L’été verra donc l’apprentissage de la pêche avec l’un des pêcheurs, mais aussi l’envie de bagarre des autres garçons pour se débarrasser de sa carapace d’enfant.
Et cette question nouvelle qui se pose à lui de la justice : doit-on se faire justice soi-même ? Doit-on confier cette mission aux carabiniers ? ou à une fillette qui prend les choses en main pour une leçon finale ? Quarante ans plus tard Erri de Luca n’en a pas fini avec ce thème essentiel. Ce bout d’un été d’il y a cinquante ans, vu à travers la focale de la distance, s’agrandit. On découvre des horizons aussi dans un microscope, pas seulement du haut d’une montagne.
Toute la langue de Erri de Luca est dans cette phrase, lui qui rabote son écriture comme un artisan. De cette langue poétique, et pourtant aussi si naturelle, il nous emporte dans l’été de ses dix ans, et on le suit jusqu’à la dernière phrase, elle aussi emblématique :
Maintenant et ici, il va bien, le mot « fin », petite sœur de frontière et de fenêtre fermée.
Alice-Ange
Du même auteur : Le poids du papillon.
Extrait :
Tu aimes l’amour ? demanda-t-elle en regardant droit devant elle, là où se dressait le flanc d’une barque peinte en blanc avec une rayure bleue.
- Avant cet été, je le lisais dans les livres et je ne comprenais pas pourquoi les adultes s’enflammaient autant. Aujourd’hui, je le sais, il provoque des changements et les personnes aiment changer. Je ne sais pas si j’aime ça, moi, mais je l’ai et avant il n’était pas là.
- Tu l’as ?
- Oui, je me suis aperçu que je l’avais. Ça a commencé par ma main, la première fois que tu me l’as tenue. « Maintenir » est mon verbe préféré.
- C’est drôle ce que tu dis. Tu es amoureux de moi ?
- C’est comme ça qu’on dit ? Ça a commencé par ma main, qui est tombée amoureuse de la tienne. Puis ça a été le tour des blessures, qui se sont mises à guérir très vite, le soir où tu es venue me voir et où tu m’as touché. Quand tu es sortie de ma chambre j’allais bien. Je me suis levé du lui et le lendemain j’étais à la plage.
- Alors, tu aimes l’amour ?
- C’est dangereux.
Les poissons ne ferment pas les yeux de Erri de Luca - Éditions Gallimard - 129 pages
Traduit de l'italien par Danièle Valin.
Commentaires
mardi 21 mai 2013 à 21h42
Il FAUT que je le lise !
mercredi 22 mai 2013 à 09h59
J'avais beaucoup aimé "Le poids du Papillon"que tu avais chroniqué, ce dernier livre fait très envie!

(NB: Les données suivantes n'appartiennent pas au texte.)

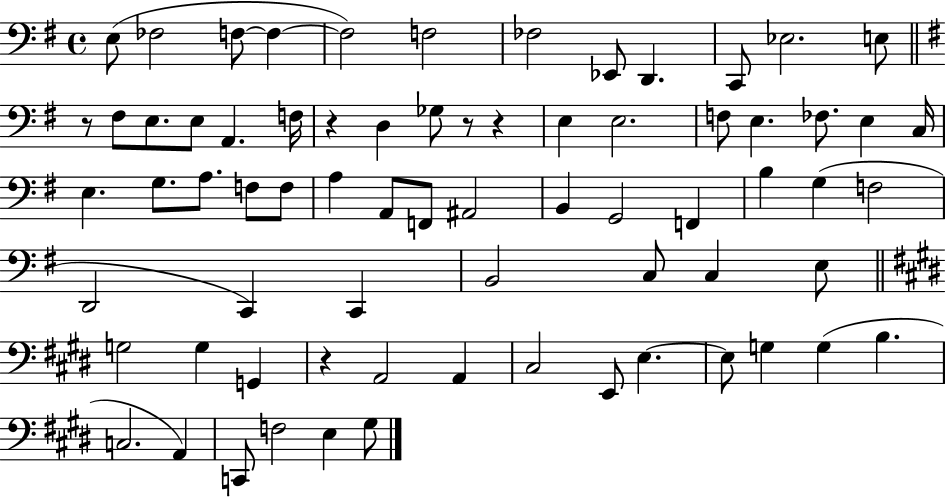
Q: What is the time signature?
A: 4/4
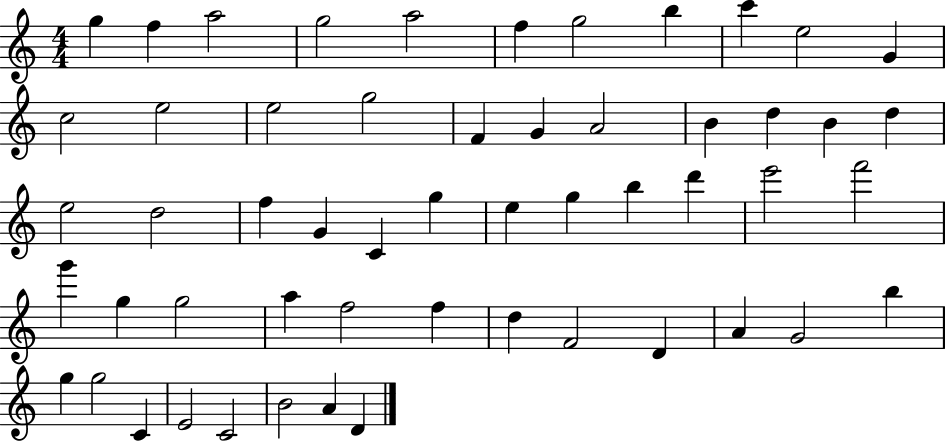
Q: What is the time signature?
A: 4/4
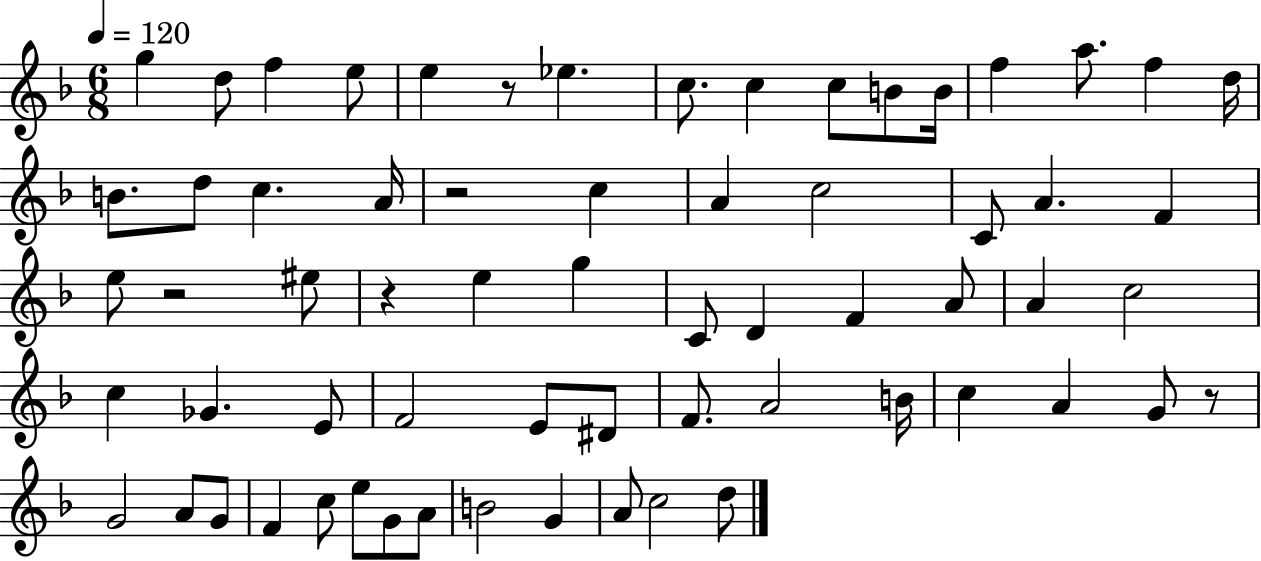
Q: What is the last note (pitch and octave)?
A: D5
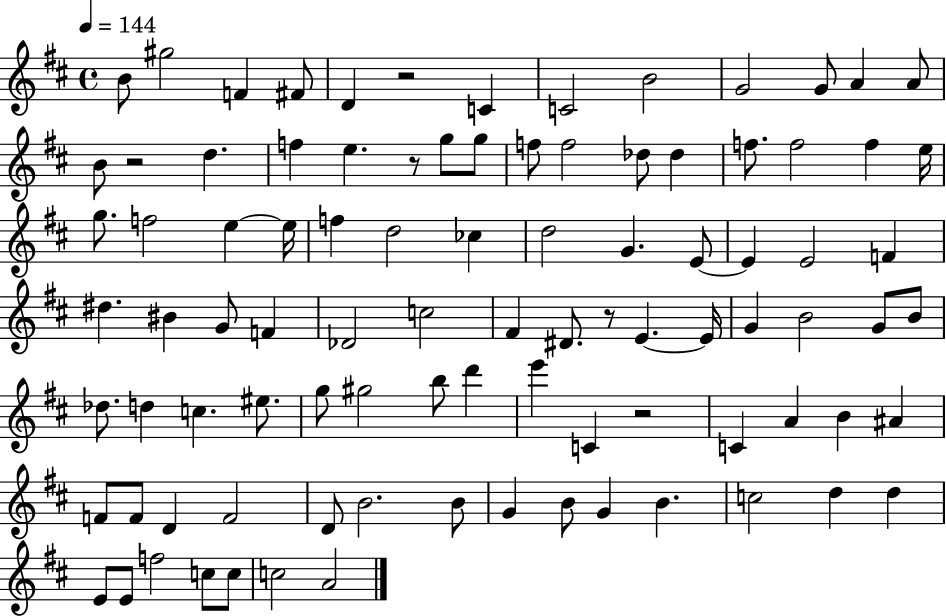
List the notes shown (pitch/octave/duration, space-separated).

B4/e G#5/h F4/q F#4/e D4/q R/h C4/q C4/h B4/h G4/h G4/e A4/q A4/e B4/e R/h D5/q. F5/q E5/q. R/e G5/e G5/e F5/e F5/h Db5/e Db5/q F5/e. F5/h F5/q E5/s G5/e. F5/h E5/q E5/s F5/q D5/h CES5/q D5/h G4/q. E4/e E4/q E4/h F4/q D#5/q. BIS4/q G4/e F4/q Db4/h C5/h F#4/q D#4/e. R/e E4/q. E4/s G4/q B4/h G4/e B4/e Db5/e. D5/q C5/q. EIS5/e. G5/e G#5/h B5/e D6/q E6/q C4/q R/h C4/q A4/q B4/q A#4/q F4/e F4/e D4/q F4/h D4/e B4/h. B4/e G4/q B4/e G4/q B4/q. C5/h D5/q D5/q E4/e E4/e F5/h C5/e C5/e C5/h A4/h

mercredi 22 mai 2013 à 22h14
@ Liliba ; fonce, n'hésite pas
@ Marimile : après la montagne du Poids du papillon la mer d'un île italienne et toute l'innocence de l'enfance réunie dans un livre qui pose aussi des questions essentielles, je pense que tu apprécieras.
lundi 27 mai 2013 à 10h10
J'ai beaucoup aimé les livres de Erri de Luca mais j'ai été particulièrement touchée par ce dernier ouvrage tant par le sujet que par le style . je l'ai déjà preté ,il va circuler !
lundi 27 mai 2013 à 21h39
Merci Soize par ce témoignage.
Je souscris à votre appréciation, ces Poissons qui ne ferment pas les yeux sont très touchants et peut permettre de faire découvrir cet auteur autour de soi.
jeudi 30 mai 2013 à 11h12
Comme (presque)pour chaque livre d'Erri De Luca, celui-ci procure une sensation de fraîcheur, de justesse et d'exigence.Un enfant s'éveille à l'adolescence, à l'amour et cette ouverture ne se fait pas sans douleur physique et morale, ni sans émerveillement.

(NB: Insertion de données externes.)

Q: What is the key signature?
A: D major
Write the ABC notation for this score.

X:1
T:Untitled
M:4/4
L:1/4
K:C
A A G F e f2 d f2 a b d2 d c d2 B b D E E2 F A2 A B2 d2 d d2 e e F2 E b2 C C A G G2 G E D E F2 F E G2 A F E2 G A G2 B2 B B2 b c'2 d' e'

On retrouve le style râpeux - comme le sable ou le sel sur la peau, comme les cals sur les mains de l'apprenti pêcheur - les mots et les phrases âpres - comme cette île de rocher et de sécheresse, comme la vie matérielle austère de l'époque - et aussi la tendresse (pour les parents, pour l'île,pour cette fille, pour la vie...) cachée sous les mots rudes, l'innocence de l'enfant qui sort de sa chrysalide et qui découvre la méchanceté, la violence et ne s'en émeut pas plus que ça, comprenant d'instinct que c'est un passage obligé...
Et l'amour des mots, déjà !, des livres et la découverte de cet autre continent : la féminité. Il faut dire qu'il a affaire à une drôle de fille, une initiatrice mystérieuse et clairvoyante.
A noter aussi : aucune nostalgie.
Et une construction non linéaire avec des allers-retours entre cette histoire d'enfance et la vie de l'auteur au passé et au présent.
Loin de tout sentimentalisme, apitoiement, complaisance, Erri De Lucca nous offre une fois de plus un récit vibrant, juste, où joie de vivre et douleur de grandir se mêlent dans une écriture exigeante.
vendredi 31 mai 2013 à 09h51
@ Catherine : merci pour ce retour qui est très vibrant lui aussi.
Style râpeux et phrases âpres sont des termes très justes pour dire à la fois le paysage qui l'entoure et le style de l'auteur, sans aucune emphase.
Cet enfant s'éveille à l'adolescence grâce aux livres, qui l'amènent directement à cette fille et à l'éveil à la féminité, c'est très juste.
Ce qui lui permet de parler de l'homme qu'il est devenu aujourd'hui.
Et je partage enfin tout à fait la conclusion sur cet auteur qu'il est devenu : sobre, juste, exigeant. Et singulier.
Un auteur à mettre entre toutes les mains ou à offrir en cadeau en cette période de fête.
lundi 3 juin 2013 à 01h36
Moi aussi, il faut que je le lise. Les thèmes sont ma foi fort tentants!
lundi 3 juin 2013 à 11h07
Lisez-le Karine, et n'hésitez pas à nous faire part de vos impressions de lecture ensuite sur ce blog.
mardi 4 juin 2013 à 16h24
J'avais très envie de découvrir cet auteur et ce sera avec ce rolan que j'ai réservé à la bibliothèque.
mardi 4 juin 2013 à 22h05
C'est une bonne introduction à l'univers de Erri de Luca. Je peux vous conseiller aussi Trois chevaux qui est très beau. N'hésitez pas ensuite à nous faire part de vos impressions de lecteur
dimanche 23 juin 2013 à 19h06
Je voulais découvrir cet quteur et c'est chose faite avec ce livre. L'auteur a une belle écriture qui nous porte naturellement vers le sentiment. On est directement dans l'ambiance d'un petit village italien, d'une première rencontre amoureuse enfantine, d'une expérience qui fait grandir. Une grande légèreté qui pourtant cache des sujets graves comme la guerre, la justice, la séparation. Je reviendrai vers cet auteur.